Os jogos voltaram com atletas se ajoelhando durante o hino e vestindo a camisa do "Black Lives Matter" ("Vidas Negras Importam"). Aí, quando mais um caso de violência policial contra um negro chocou a sociedade americana, o esporte decidiu sair de quadra para colocar os holofotes sobre aquilo que mais importava naquele momento.
O discurso da repórter Zora Stephenson, que cobre o Milwaukee Bucks, primeiro time a boicotar os jogos de playoffs da NBA, resumiu muito bem a situação: “Quando você fala em querer mudança, todos nós temos que nos perguntar: do que estamos dispostos a abrir mão? Você pode falar, tuitar, protestar, doar, mas o que você está disposto a perder até ver aquela mudança realmente acontecendo?”.
Na WNBA, jogadoras vestiram camisas com o nome de Jacob Blake, alvejado pela polícia com sete tiros nas costas, que traziam desenhos de balas na parte de trás.
Os jogos adiados tanto tiveram impacto que o presidente Donald Trump precisou falar sobre eles.

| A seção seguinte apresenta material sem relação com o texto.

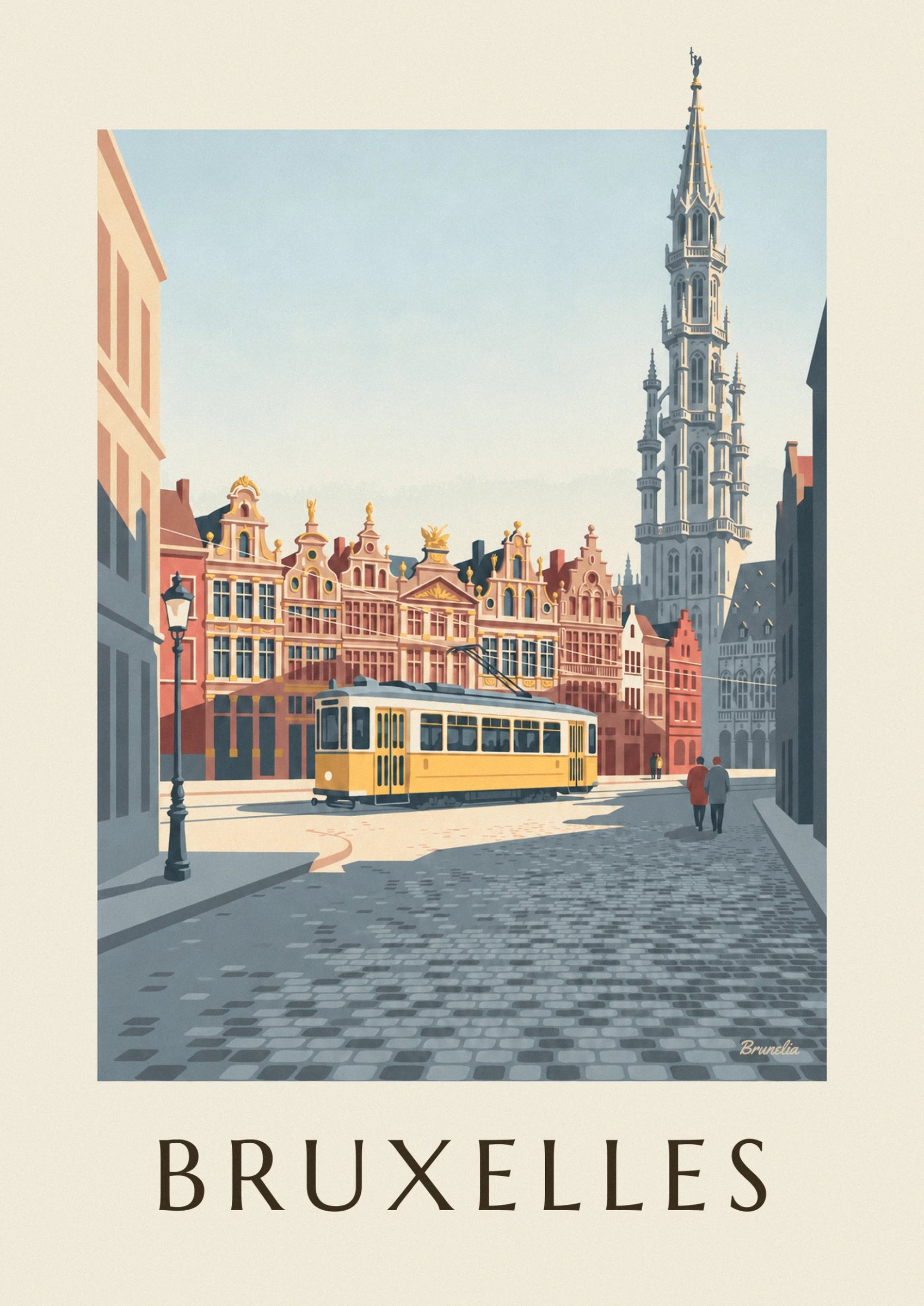 The yellow tram on the cobbles in front of the golden façades of the Grand-Place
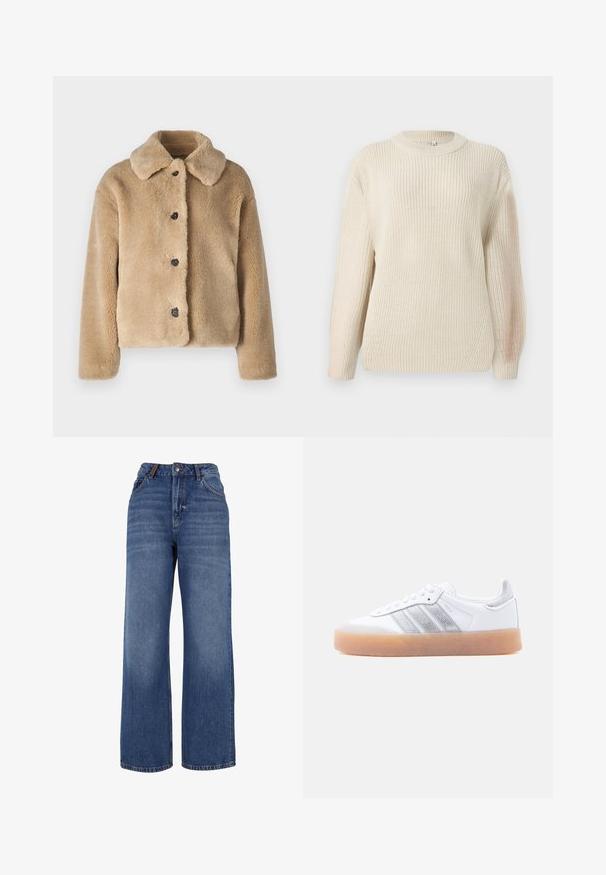 Chaqueta de piel sintética en color beige claro, con un cuello, cierre de botón frontal con botones negros y mangas largas. Textura suave con un acabado aterciopelado.; Suéter color crema de punto grueso con escote redondo, mangas extendidas y un acabado texturizado. Presenta un ligero canalé y un corte relajado.; Pantalones vaqueros de pierna ancha hechos de tejido de algodón azul de peso medio. Presentan un diseño clásico de cinco bolsillos y una cremallera con cierre de botón.; Zapatilla blanca de perfil bajo con suela de goma, acentos laterales plateados a rayas y cierre de cordones, mostrada sobre un fondo claro y liso.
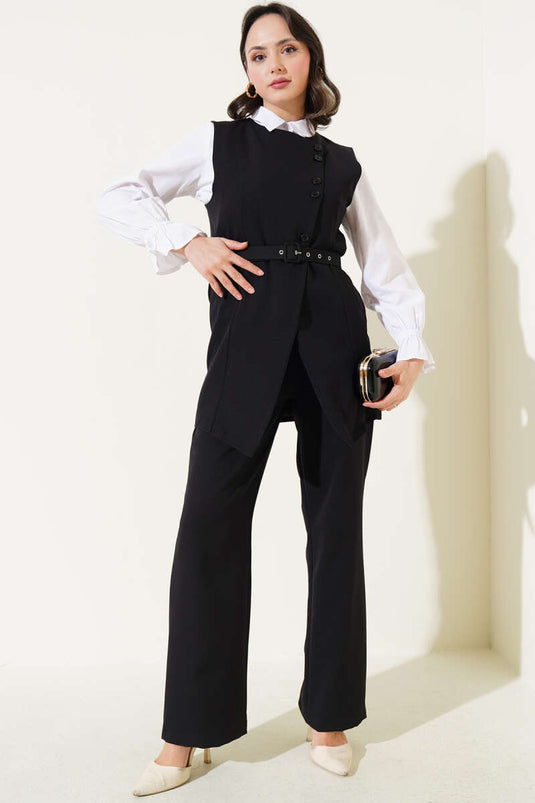 Lang vest met kruisknoopsluiting, tweedelig pak, zwart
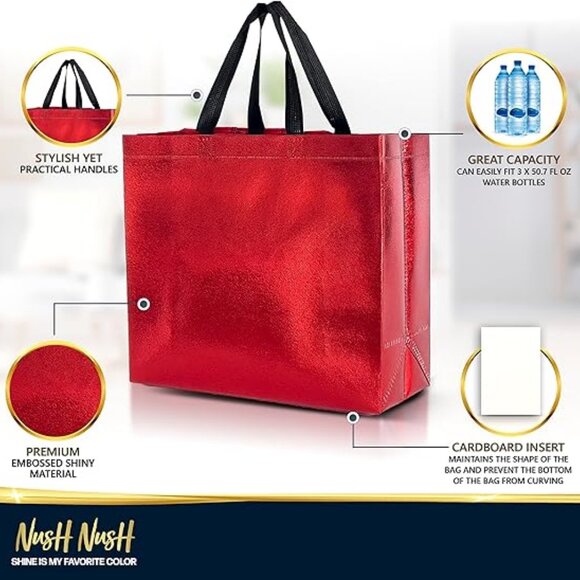 Red Gift Bags Large Size – Set of 12 Shiny Red Reusable Gift Bags With Handles - Picture 3 of 3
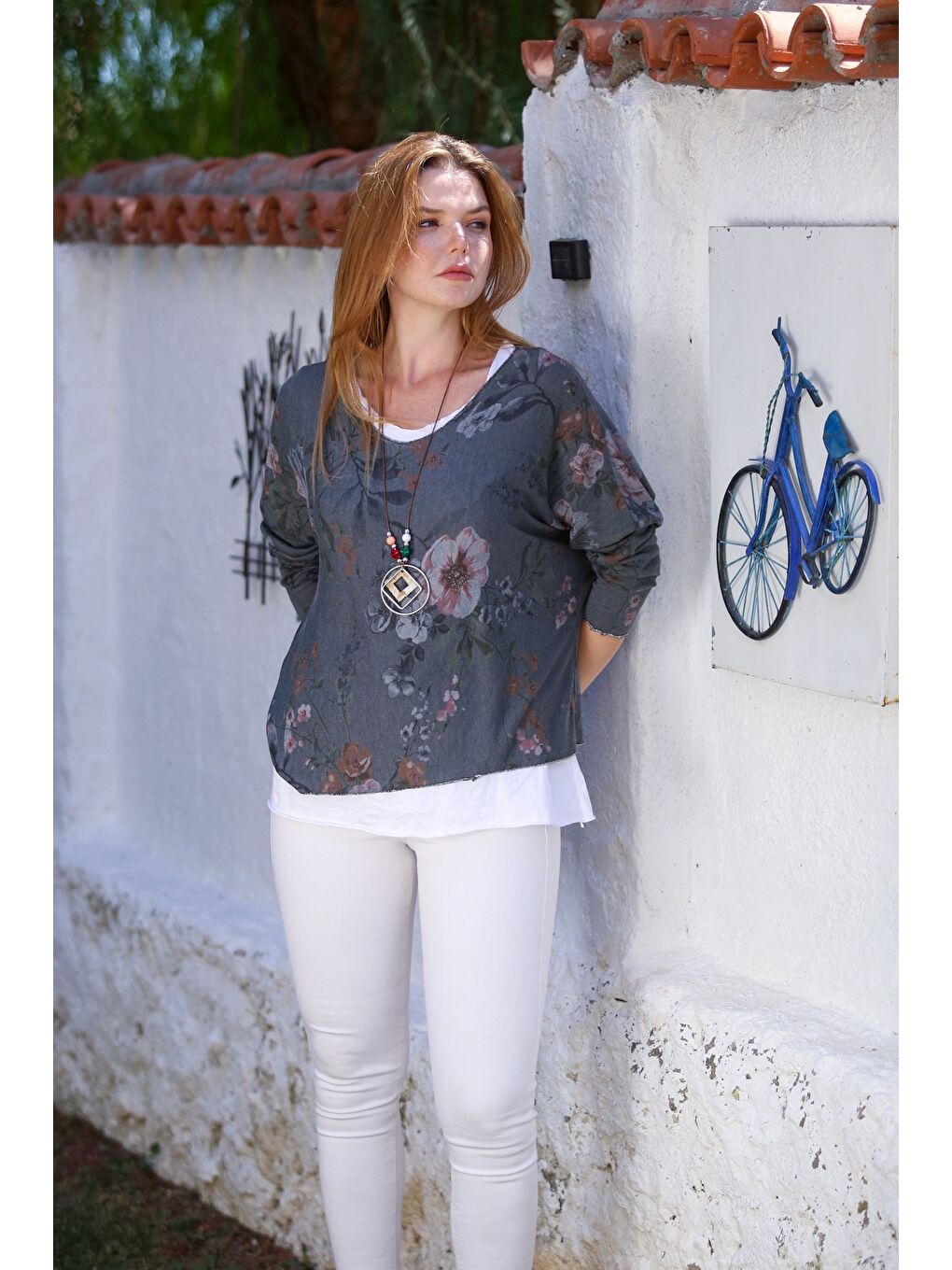 İtalyan İndigo Havuz Yaka Uzun Kol Desenli İnce İkili Set İçi Kolsuz Penye Triko Bluz 70 60-5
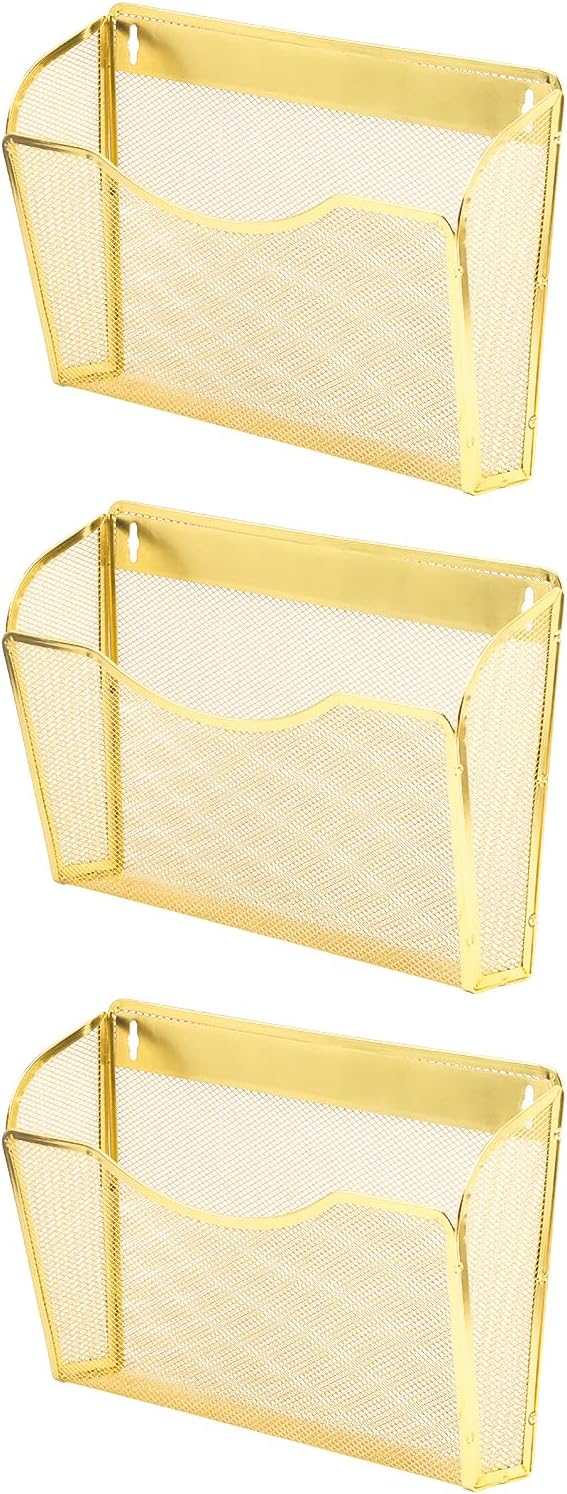 EASEPRES 3 Single Pocket Mesh Hanging File Organizer, Vertical Wall Mounted Magazine File Holder, Mount Basket Mail Paper Document Folder Organizing for Office, Home and School, Black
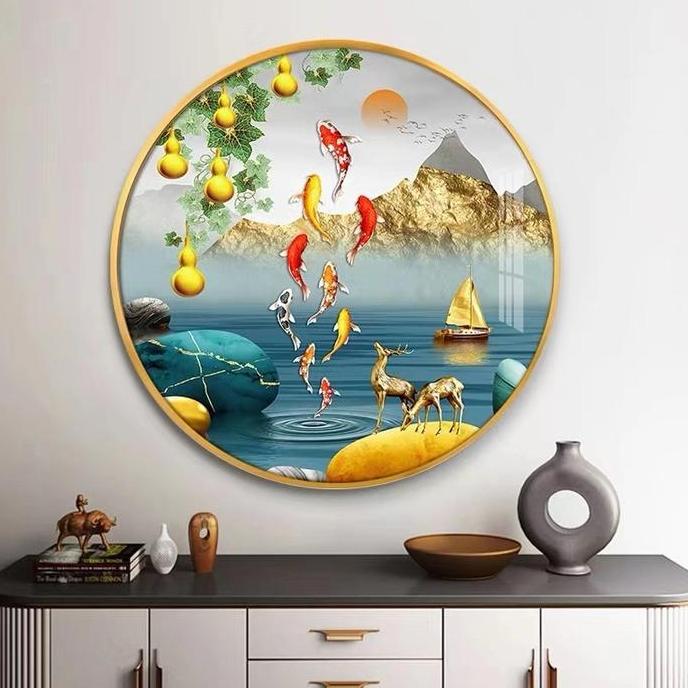 Lukisan Porcelain Bulat 5D Diamond Dinding Meh Motif Pemandangan China Lukisan Bulat Porselen 5 Dime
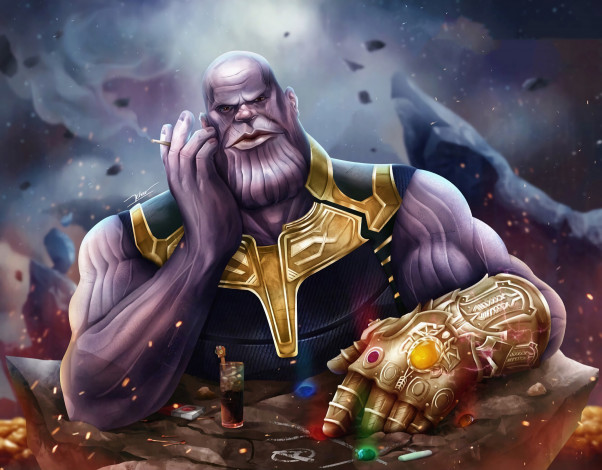Обои картинки фото рисованное, комиксы, thanos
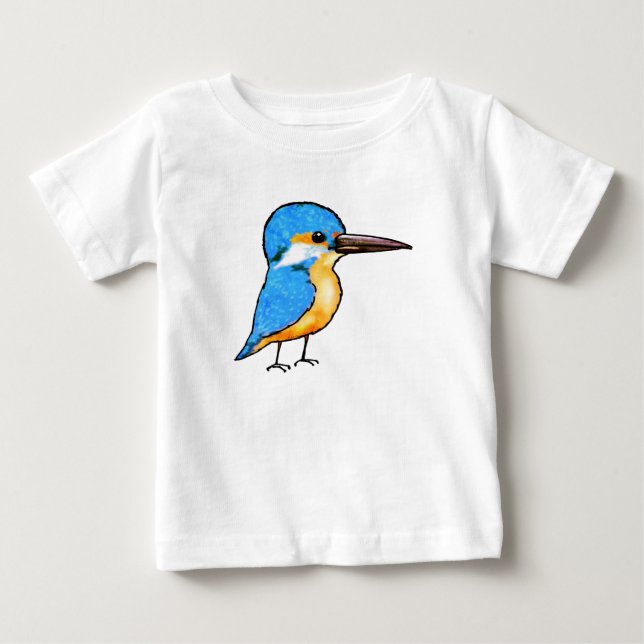 Cute Blue Kingfisher Bird Art Baby T-Shirt (Front)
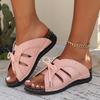 Ladies' Flat Bottomed Casual Slippers, Women's Summer Thick Soled Hollow Bow Sandals, Breathable and Comfortable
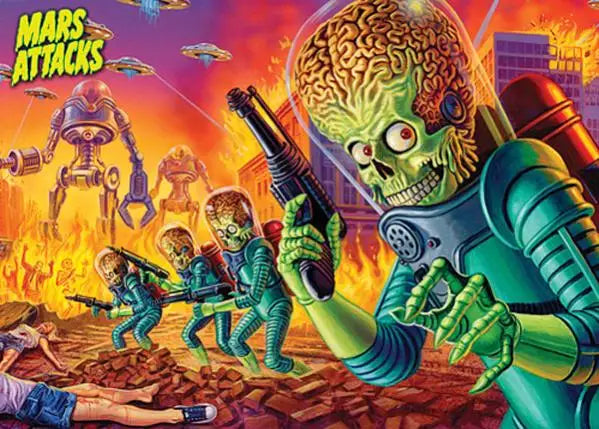 Alien with exposed brain and bulging eye holding ray gun on Mars Attacks Invasion P1 promo card
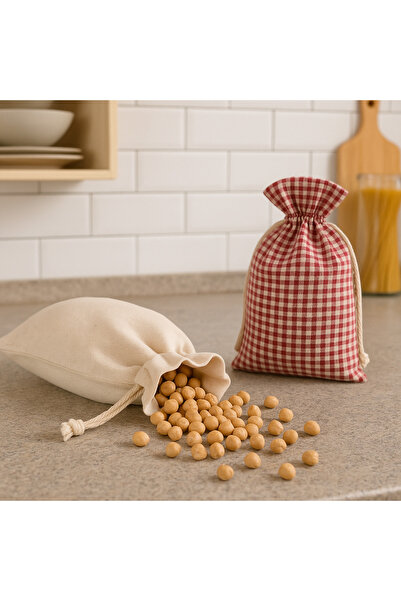MiniStand Kuru Gıda ve Kahve Saklama Kesesi 3’lü Set Pamuklu Büzgülü Kumaş Kese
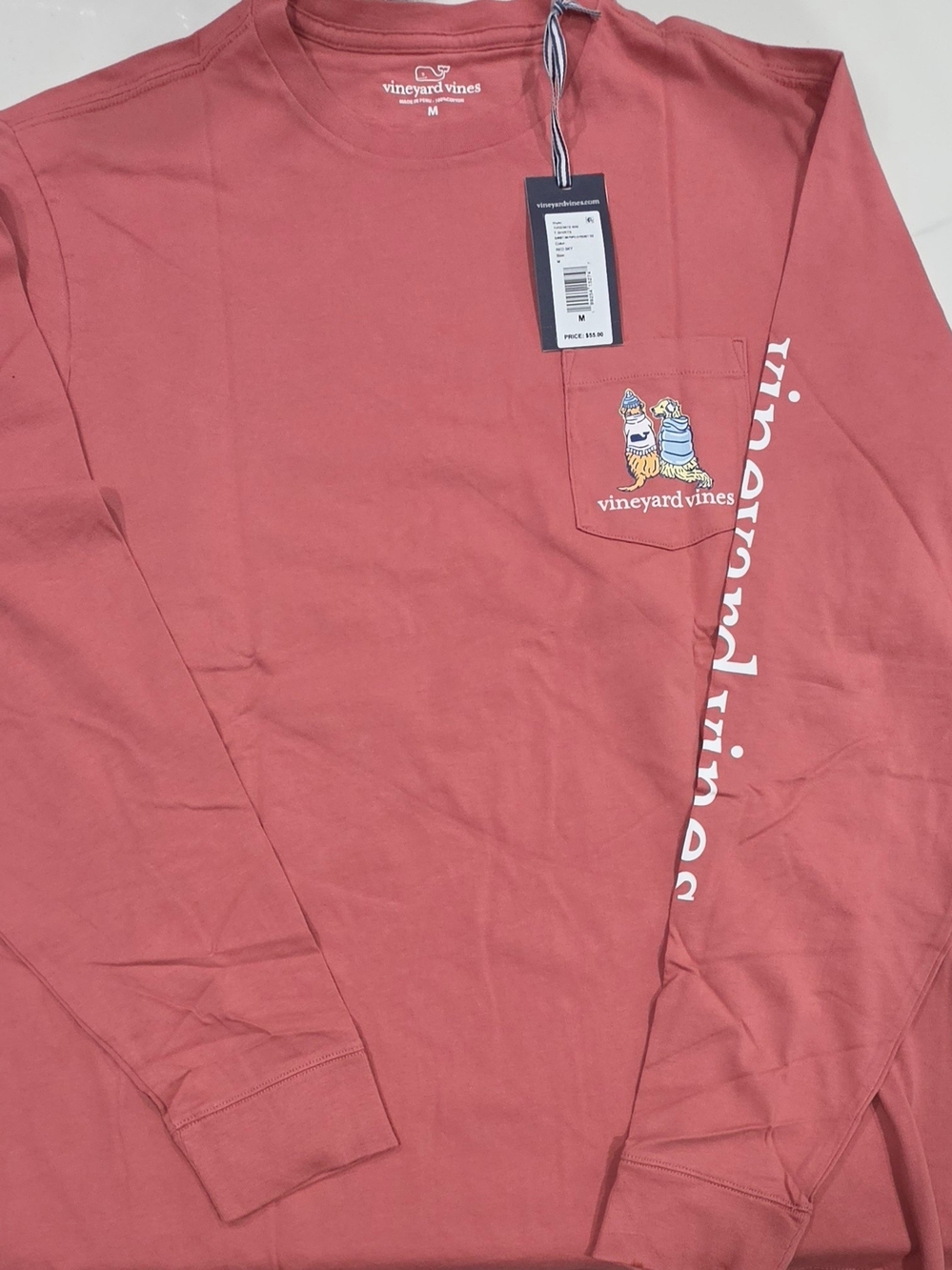 Vineyard Vines Men’s Long-Sleeve Pocket Tee in Coral Pink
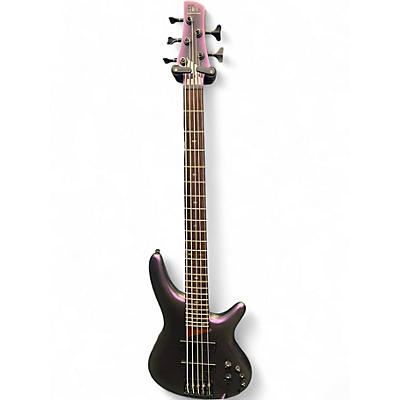 Used Ibanez SR5005E 5 String BLACK AURORA BURST Electric Bass Guitar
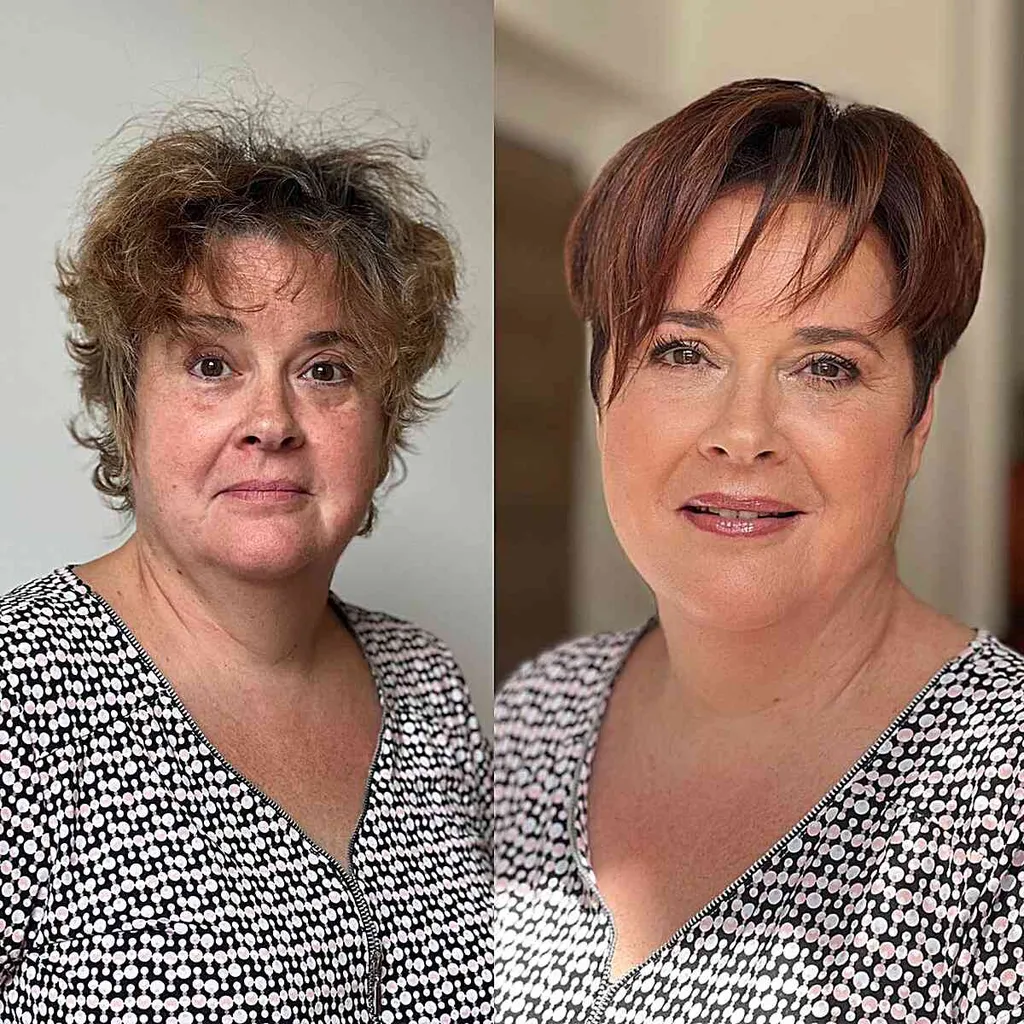 Krátký sestřih s tenkými dlouhými třásněmi pro ženy ve věku 50 let s kulatým obličejem' title=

“Eles viraram uma organização política e isso não é uma coisa boa”, disse o mandatário. Para ele, definitivamente não é uma coisa boa, já que muitos atletas têm se manifestado a favor do seu adversário nas eleições presidenciais por não se verem representados por uma pessoa que exala preconceito e indiferença com questões urgentes, como o racismo.
Qualquer semelhança com o presidente do Brasil não é mera coincidência. Aqui, a sorte da política é que o esporte ainda não entendeu plenamente seu papel nela.
Lições do futebol feminino
Duas situações no futebol feminino na última semana chamaram a atenção. A primeira foi a atitude do 3B, ao ceder suas jogadoras para disputarem o Brasileiro, Série A1, para o Iranduba, seu principal rival.
Com o Hulk, apelido do time, totalmente quebrado pelo abandono do seu patrocinador e sem conseguir manter o time para a disputa, só restava à equipe manauara o abandono da competição, que geraria uma punição pesada para o clube. Veio do maior rival a salvação, e o futebol feminino mostra que carrega uma causa além da rivalidade.
Outro exemplo importante veio na partida entre Corinthians e Ferroviária, no retorno do Brasileiro, quando todas as jogadoras e a comissão técnica do time alvinegro se ajoelharam com os punhos cerrados para o alto durante o minuto de silêncio. Na partida entre São Paulo e Minas Brasília, no último domingo, isso também aconteceu, e o Avai Kindermann fez o mesmo no seu jogo. Um gesto simbólico pelo combate ao racismo que tem muito mais peso quando é feito em grupo.